The Earth’s tides are surely rising thanks to climate change, a process of natural forces decades, even centuries in the making (and the unmaking, if we are to reverse them). But the tides themselves are determined by cycles even older and more fundamental than the climate: the gravitational pull of the moon and the sun, and the rotation of the Earth. I take both comfort and perspective from this tiny grain of scientific knowledge when I reflect on where we are in the state of our theatre field, let alone in our world’s tumultuous history. Are we advancing or regressing, culturally, politically, morally? Or somehow both at once?
Tidal metaphors help us see change as slow, cumulative, cyclical, and inevitable. Quiara Alegría Hudes invokes one in her powerful essay in this issue, “High Tide of Heartbreak,” adapted from a speech in which she recounts her career so far as a nerve-wracking tightrope walk between what she intends with her deeply personal, often culturally specific plays and a predominantly white theatre establishment that both embraces and misunderstands them, and which stubbornly refuses to be changed by them. That the Pulitzer-winning playwright of Water by the Spoonful is taking a break from the theatre, as she tells us here, should give us all pause to consider how well or poorly our field is doing at welcoming and nurturing the artists who give it body and mind and voice. Here the metaphor of rising water is both reassuring and forbidding: A high tide will break, though perhaps not before it’s managed to break things.

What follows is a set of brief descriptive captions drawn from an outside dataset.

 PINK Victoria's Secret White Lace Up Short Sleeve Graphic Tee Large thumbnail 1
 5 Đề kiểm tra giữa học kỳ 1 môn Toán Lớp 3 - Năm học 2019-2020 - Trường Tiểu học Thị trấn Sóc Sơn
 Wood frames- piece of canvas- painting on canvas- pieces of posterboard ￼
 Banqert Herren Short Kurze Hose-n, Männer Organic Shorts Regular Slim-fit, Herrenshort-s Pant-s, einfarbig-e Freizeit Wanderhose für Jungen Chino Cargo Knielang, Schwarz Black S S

There may be evidence of another slowly turning tide in this issue. In our lists of the most-produced plays and most-produced playwrights of the new season, culled from season listings submitted by TCG member theatres, something caught our eye: Of the top 11 most-produced plays this season (usually 10, but there’s a tie), a total of 8 are female-authored. And among the top 20 most-produced playwrights in the new season, 11 are women. For those keeping score, that is better than parity on both counts—indeed, these are the best results for female playwrights we’ve yet seen on these lists since we started making them in 1994.

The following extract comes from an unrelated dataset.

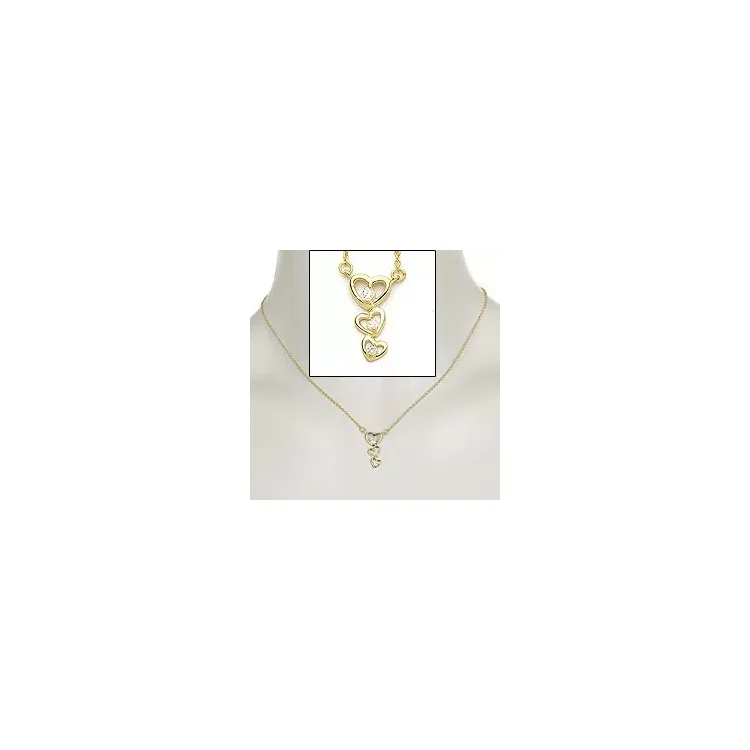 Hart zirkoon hanger met ketting in verguld sterlingzilver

So the topline numbers are encouraging—what about the rest of the field? We crunched those numbers for our annual gender and period count, and the results are striking: 30 percent of all this season’s plays and 40 percent of new plays (defined as plays written in the last decade) are written by women, up from 21 and 29, respectively, just three years ago. The momentum toward gender parity seems unmistakable, as is the related trend toward new works vs. classics, though you might reasonably respond: Hmm, new plays are still only 40 percent female-authored?
If those trends don’t offer enough hope for an uncertain future, you might seek further encouragement from the education and engagement pros who are the subject of this season preview’s special issue—the folks who, under various titles and missions, do all the programming at theatres outside of the plays on the stage, but without whose path-breaking work our field would be a lot less vibrant, relevant, and communitarian. If we want the tides of our culture to turn—and I’m not sure how any of us could want otherwise—the forces of gravity that will effect such a change are none other than each of us, now, working individually and together. The solution, dear reader, is not in the moon or the stars but in ourselves.